▸ Exercise objective:
Print nothing but the lines below starting at the line that holds "No Boundaries Button-Front" and ending at the line that holds "Hello Ella Star Studs in Pink", including both, each exactly as written.

▸ Supplied material:
* * * *
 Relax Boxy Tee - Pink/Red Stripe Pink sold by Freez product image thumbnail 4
* * * *
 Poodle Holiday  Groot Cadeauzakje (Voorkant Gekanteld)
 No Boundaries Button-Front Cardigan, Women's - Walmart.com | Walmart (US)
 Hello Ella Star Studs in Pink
* * * *
▸ Answer to this exercise:
 No Boundaries Button-Front Cardigan, Women's - Walmart.com | Walmart (US)
 Hello Ella Star Studs in Pink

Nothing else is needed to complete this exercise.